EXCERPTED DATA —
--- START ---

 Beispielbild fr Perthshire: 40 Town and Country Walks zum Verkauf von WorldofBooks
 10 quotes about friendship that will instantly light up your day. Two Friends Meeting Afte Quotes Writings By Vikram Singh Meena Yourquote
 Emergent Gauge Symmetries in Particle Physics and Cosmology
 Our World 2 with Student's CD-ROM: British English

--- END ---
--- START ---

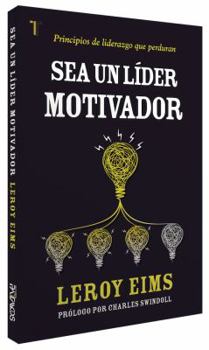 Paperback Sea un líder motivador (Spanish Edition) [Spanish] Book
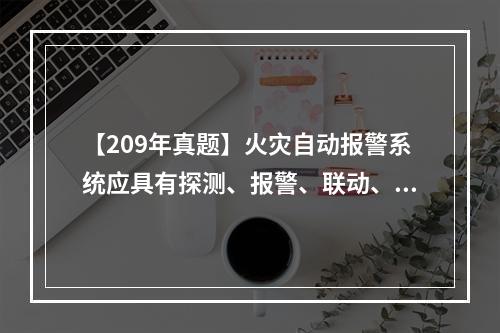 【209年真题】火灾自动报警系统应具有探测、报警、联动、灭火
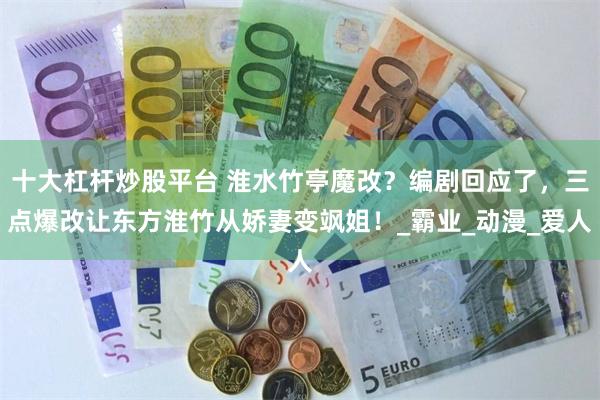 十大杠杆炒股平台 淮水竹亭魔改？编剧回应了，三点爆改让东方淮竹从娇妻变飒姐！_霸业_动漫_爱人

--- END ---
--- START ---

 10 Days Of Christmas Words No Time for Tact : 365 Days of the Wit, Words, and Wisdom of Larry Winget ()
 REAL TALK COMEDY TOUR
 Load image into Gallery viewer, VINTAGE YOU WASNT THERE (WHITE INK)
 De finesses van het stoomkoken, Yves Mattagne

--- END ---

TASK GOAL —
Your reply is to repeat, unchanged, the lines above running from the one with "Beispielbild fr Perthshire: 40" up to and including the one with "Our World 2".

SOLUTION TO THIS PROBLEM —
 Beispielbild fr Perthshire: 40 Town and Country Walks zum Verkauf von WorldofBooks
 10 quotes about friendship that will instantly light up your day. Two Friends Meeting Afte Quotes Writings By Vikram Singh Meena Yourquote
 Emergent Gauge Symmetries in Particle Physics and Cosmology
 Our World 2 with Student's CD-ROM: British English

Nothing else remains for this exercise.